An additional feature of the apparatus is that the collapsible seat
may have a Y-shape with a flared upper portion. Still another
feature of the apparatus is that the collapsible seat may comprise
a frusto-conical shape.
[0013] In another embodiment of the apparatus for restricting flow
through a well conduit, the apparatus comprises a housing having a
longitudinal bore with a seat pivotally connected to an inner wall
surface of the bore, the seat comprising a deformable ring and
having a first position defining a first seat inner diameter and a
second position defining a second seat inner diameter, the first
seat inner diameter being greater than the second seat inner
diameter; and a plug element adapted to be disposed into the bore
and landed on the seat to move the seat from the first position to
the second position causing the seat to restrict fluid flow through
the bore.
[0014] A further feature of the apparatus is that the deformable
ring may be permanently deformed when in the second position.
Another feature of the apparatus is that seat may further comprise
a deformable material disposed on an upper surface of the
deformable ring for engagement with the plug member.

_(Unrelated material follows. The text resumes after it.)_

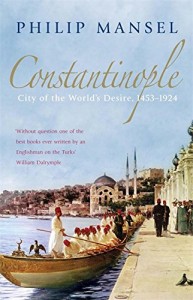 The best books on The Levant - Constantinople: City of the World's Desire, 1453-1924 by Philip Mansel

An additional
feature of the apparatus is that the deformable element may be in
sliding engagement with an inner wall surface of the bore and with
the upper surface of the deformable ring. Still another feature of
the apparatus is that the deformable ring may comprise a
frusto-conical shape. A further feature of the apparatus is that
the deformable ring may have a Y-shape with a flared upper portion.
Another feature of the apparatus is that the deformable ring may
comprise a shape-memory material.
[0015] In another embodiment, a method of restricting a bore of a
conduit disposed in a wellbore of a well is disclosed. The method
comprises the steps of: (a) providing a seat disposed within a
housing having a longitudinal bore, the seat the seat comprising a
first position defining a first seat inner diameter and a second
position defining a second seat inner diameter, the first seat
inner diameter being greater than the second seat inner diameter;
(b) lowering the seat on a string of conduit into a wellbore of a
well; (c) inserting a plug member into the conduit and landing the
plug member on the seat; and (d) moving the seat from the first
position to the second position causing restriction of the bore by
the seat due to the seat moving from the first position to the
second position.
[0016] A further feature of the method is that the method may
further comprise the step of pumping fluid into the conduit forcing
the plug element into the seat to redirect the fluid flow out of
the conduit. Another feature of the method is that the method may
further comprise the step of pumping fluid into the conduit forcing
the plug element into the seat to actuate a downhole tool disposed
above the seat in the string of conduit by fluid pressure within
the conduit. An additional feature of the method is that step (d)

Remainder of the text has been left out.